Today, 75% of companies that have a hard time recruiting attribute their struggles to a lack of qualified candidates*. To overcome this issue, and to offset the drop in activity, certain companies have opted for outsourcing by hiring employees overseas. This shortage of qualified candidates has multiple causes: a lack of specialised skills, an overemphasis on university education, a blurring of professions, a lack of training structures, etc.
Beyond these factors, with a well-structured recruitment process, plus the ability to adapt your expectations to meet the current market and to reflect on the skills required, you will be able to significantly counteract this shortage.
Here are 3 ways to optimise your recruitment process and to find top talent every time, without fail.
Set clear expectations
The real challenge for recruiters today is knowing how to shift focus away from work experience and academic credentials and concentrating instead on the candidate’s actual skills. Most companies continue to recruit solely on the basis of years of experience or study, with the belief that these two elements are intrinsically linked to people’s skillset. However, this is by no means a hard and fast rule, and many leading companies have already come to realise that a candidate’s skills and personality traits need to take centre stage.
Hone in on skills
We can divide skills into two types: technical skills (hard skills) and non-technical skills (soft skills). Hard skills are knowledge-based, they are learned and can easily be identified by looking at a candidate’s academic and professional experiences. But as we mentioned above, it is by focusing exclusively on these hard skills that we can end up missing out on the best applicants. Hence the importance of analysing soft skills, or non-technical skills, such as creativity, negotiation skills, or emotional intelligence.

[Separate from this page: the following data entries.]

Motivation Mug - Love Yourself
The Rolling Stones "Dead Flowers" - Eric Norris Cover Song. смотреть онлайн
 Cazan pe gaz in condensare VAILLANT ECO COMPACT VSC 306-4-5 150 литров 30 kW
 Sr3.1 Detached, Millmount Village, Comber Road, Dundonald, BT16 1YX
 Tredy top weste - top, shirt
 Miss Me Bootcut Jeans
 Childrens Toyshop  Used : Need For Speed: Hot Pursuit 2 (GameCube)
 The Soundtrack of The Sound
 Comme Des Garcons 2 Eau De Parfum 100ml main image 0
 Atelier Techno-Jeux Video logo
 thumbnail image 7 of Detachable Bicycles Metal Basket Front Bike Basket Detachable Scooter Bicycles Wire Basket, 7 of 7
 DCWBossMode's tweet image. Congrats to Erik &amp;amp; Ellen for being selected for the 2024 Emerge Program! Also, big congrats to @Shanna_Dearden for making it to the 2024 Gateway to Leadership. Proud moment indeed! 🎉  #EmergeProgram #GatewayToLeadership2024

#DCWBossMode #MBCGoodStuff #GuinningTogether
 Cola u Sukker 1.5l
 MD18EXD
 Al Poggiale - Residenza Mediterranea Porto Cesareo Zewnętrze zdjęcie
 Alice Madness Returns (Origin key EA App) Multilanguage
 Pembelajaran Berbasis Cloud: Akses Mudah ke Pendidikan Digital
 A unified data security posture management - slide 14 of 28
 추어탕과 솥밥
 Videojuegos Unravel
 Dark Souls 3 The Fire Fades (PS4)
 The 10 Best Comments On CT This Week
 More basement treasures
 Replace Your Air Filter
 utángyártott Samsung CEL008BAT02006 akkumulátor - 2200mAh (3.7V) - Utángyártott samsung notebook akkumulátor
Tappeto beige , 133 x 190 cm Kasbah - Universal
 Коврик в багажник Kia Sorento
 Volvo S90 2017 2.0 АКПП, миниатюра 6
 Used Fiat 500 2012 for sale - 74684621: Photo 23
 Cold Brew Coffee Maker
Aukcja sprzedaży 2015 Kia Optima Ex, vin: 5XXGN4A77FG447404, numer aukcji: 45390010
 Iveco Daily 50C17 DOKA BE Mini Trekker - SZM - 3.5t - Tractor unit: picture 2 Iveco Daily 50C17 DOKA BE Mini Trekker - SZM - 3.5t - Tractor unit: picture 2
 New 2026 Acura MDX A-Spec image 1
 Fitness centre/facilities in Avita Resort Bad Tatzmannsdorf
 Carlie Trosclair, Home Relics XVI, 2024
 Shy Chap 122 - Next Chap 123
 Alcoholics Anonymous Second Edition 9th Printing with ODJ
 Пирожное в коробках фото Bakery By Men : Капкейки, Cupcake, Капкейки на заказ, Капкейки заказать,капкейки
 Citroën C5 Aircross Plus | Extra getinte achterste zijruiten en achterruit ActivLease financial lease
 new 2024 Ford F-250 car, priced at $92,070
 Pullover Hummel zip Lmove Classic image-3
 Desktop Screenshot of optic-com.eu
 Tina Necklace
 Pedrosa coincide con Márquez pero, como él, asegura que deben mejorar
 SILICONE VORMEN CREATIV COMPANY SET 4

When recruiting for a role, outline four or five key skills. It is important that you name and identify each one clearly. Be specific, but also leave yourself some leeway when defining which skills are essential and those which are highly desirable, but not absolutely necessary. This will stop you wasting time looking for unrealistic candidates. Take a risk on some more unconventional applicants, because even if they operate outside of your domain, they might have the soft skills that will make them easily ‘trainable’. This method will breathe new life into your hiring process, as well as foster diversity among your new recruits.
Set up a competency framework
Competency-based recruitment consists of identifying the skills required for a position. Drawing up a competency framework, a document compiling all the skills found within an organisation, is therefore highly useful. This resource allows companies to have a more accurate grasp of their skills pool. A list of hard skills and soft skills is associated with every position, providing a clear and precise overview of what is needed to take on each role successfully. It is then easy to match the skills required with the skills your candidates possess, via psychometric evaluations for example. This makes identifying suitable candidates much more straightforward, beyond the ‘classic’ or generally accepted background for a given role.
Effective recruitment has long posed a challenge and the rapid development of modern technology means we must constantly adapt and shake up our current routines. However, there are solutions out there which can allow us to tailor our recruitment processes to meet the current market and to continually innovate our tools. Because, indeed, today successful recruitment not only means having an understanding of your candidates’ expectations, but also the ability to re-think your selection procedures.